I know the major consumer products with the most info and testimonials are based on increasing levels via precursors, the number 1 product via supplementing bonded cystine etc through undenatued whey and the other through a combination of NAC/ALA etc. Then recently I have seen liposomial delivered glutathione supplements as well.

Apparently maximizing blood GSH levels where possible, beyond the normal levels and also where levels are below the norm could produce some "amazing" results with claims against cancer and other things.

So really, i wanted to say that im a business, marketing persona and dont know the technical specifics and would really value confirmation, comments, etc of the above claims, inadequacies etc. I need the truth from you guys in the know, as i had planned to build a business around this product based on the claimed potential. results etc.

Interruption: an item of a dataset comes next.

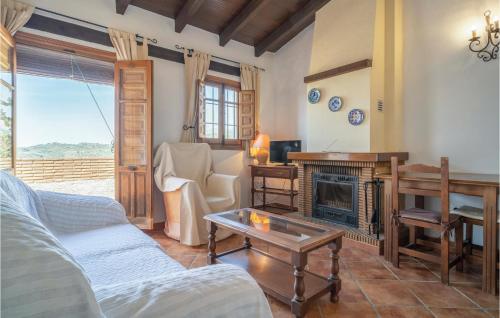 Posezení v ubytování 1 Bedroom Nice Apartment In Mondron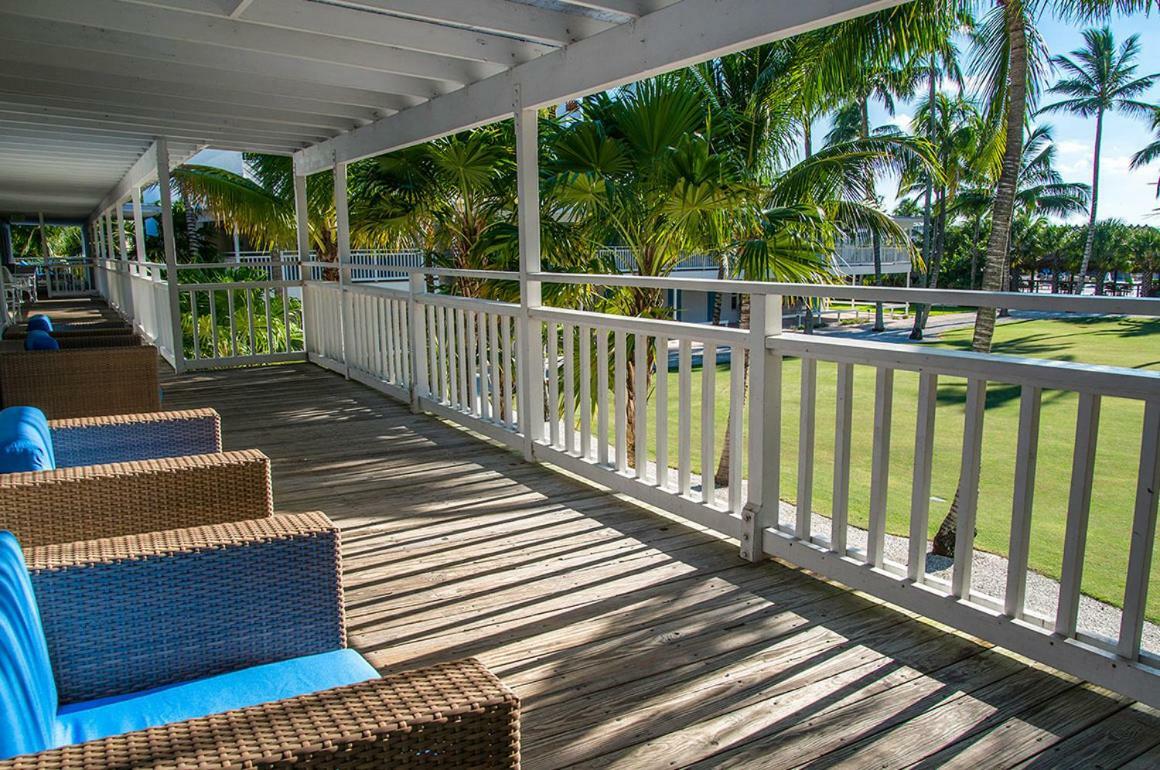 Naples Beach Hotel And Golf Club Exterior foto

Appreciate any feedback, the more technical the better. Im certain this chemical has value but some of the claims are hard to believe, not matter how much i want to.

And then ofcourse the purpose of my other post and this one is determining any value to drug users through direct supplementation with the goal to maximize levels as it was understood that the more the better and low levels where closely linked to many illnesses and thus increasing levels could be the solution.